I was the patient. I was the sick one. I was the one who could've died. I was the one who had the chemo, the surgery, the radiation -- and I was okay with that.
I don't know how to be anything else.
I never once thought it would be joyous to care for a cancer patient, but I really thought that it seemed easy compared to being the patient.
I've never (in my adult life) known someone who was going through cancer treatment, or even having a simple test done to just rule out cancer. I luckily never had to deal with it. I had to deal with my own experience, but that has passed, and if it were to come back, I know that I can get through it again. Since the beginning of the year, I have had a small handful of people I care about either be diagnosed, or have had a "scare." Other survivors may disagree with me, and I'm not saying that cancer treatment is easy in any way -- I'm saying that now that I am on the other end of the spectrum, it really isn't any easier. I guess there is nothing easy about cancer.
I don't know how to be a supportive caretaker or just offer words of ease. When my husband told me he had a bump on his arm, I didn't sleep for weeks. I was convinced that it was a tumor and instead of being by his side and telling him that it'll be okay, I lost my marbles and told him I didn't know how to play this role. It's all new to me. I don't like it. I'd rather be the sick one. Maybe it's a control thing, when I was sick, I held on to a tiny bit of control, but I don't have that when it's not me in the doctor's office. I forced my husband to go to quick care so that in case it was some kind of cancerous mass, it wouldn't spread. That is literally what I told him, and you know what? It was nothing. He's perfectly fine. I overreacted over nothing. I wasn't there for him when it was his time to be scared. I have another person in my life that I care deeply for that has to go in for a bone marrow biopsy in a couple weeks so that a form of bone cancer can be ruled out. This person has been going through all of this, and when I found out about it I literally had to use all of my will power not to tear up and convince myself that they were going to be diagnosed. They need positive words, and they needed me to be strong, but I wasn't. I managed to hold myself together (somewhat), but broke down immediately upon walking into my front door. I barely slept, I cried. I can't deal with it.
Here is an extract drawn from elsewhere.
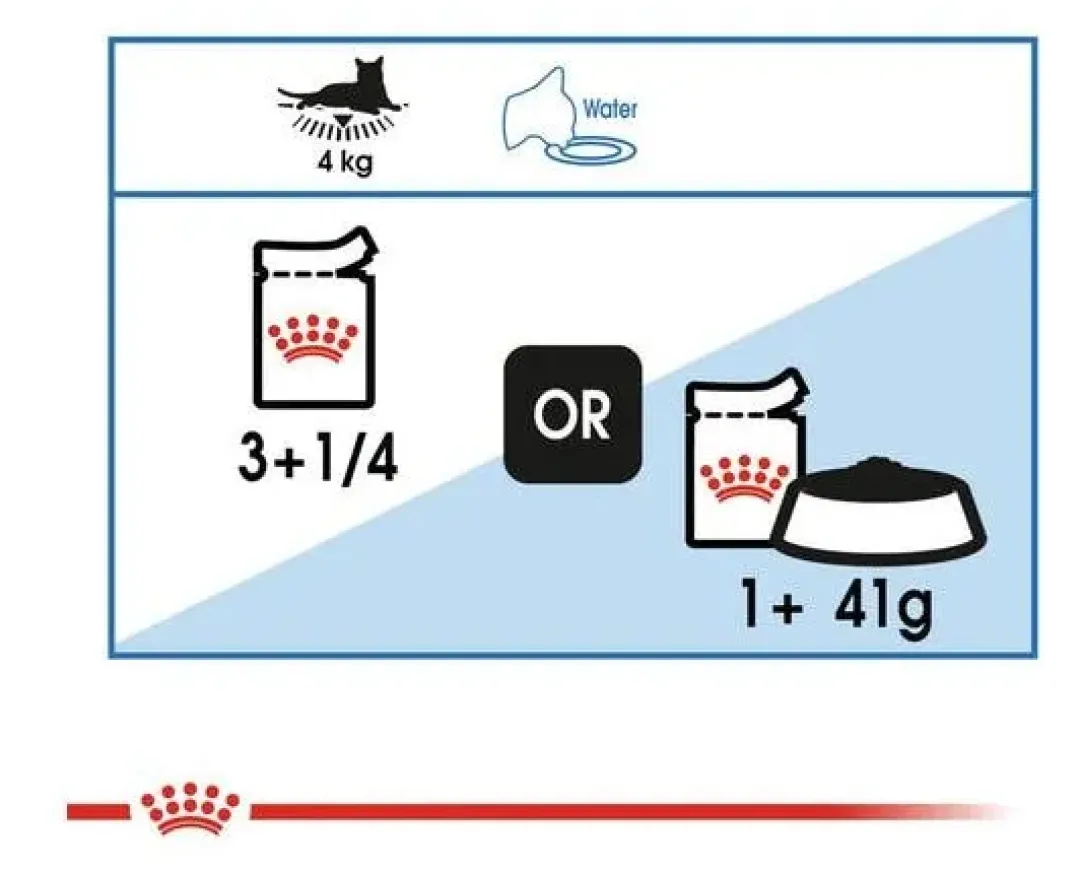 Royal Canin Kattefoder Royal Canin Light Weight Jelly vådfoder 85 g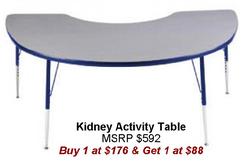 Kidney activity table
Honestly, I'd rather go through cancer treatment 100 more times if it meant that someone I love wouldn't have to.
I wish they would've taught me how to deal with this in cancer school.
I feel guilty. I don't know how to feel. I jump to conclusions. I assume the worst will happen. My positive attitude and outlook seems to be a blurry wall that I am constantly chasing after.
I remember having visitors with smiling faces, saying uplifting things to me, keeping my spirits high when I was in the hospital, after the bad news had been delivered. Has my cancer experience taken that ability away from me? Will I ever be able to be there for someone when they really need me without freaking out so badly that I need someone to comfort me?
Maybe it just takes time. It is a constant battle, but I am hoping that someday, I can be strong for someone.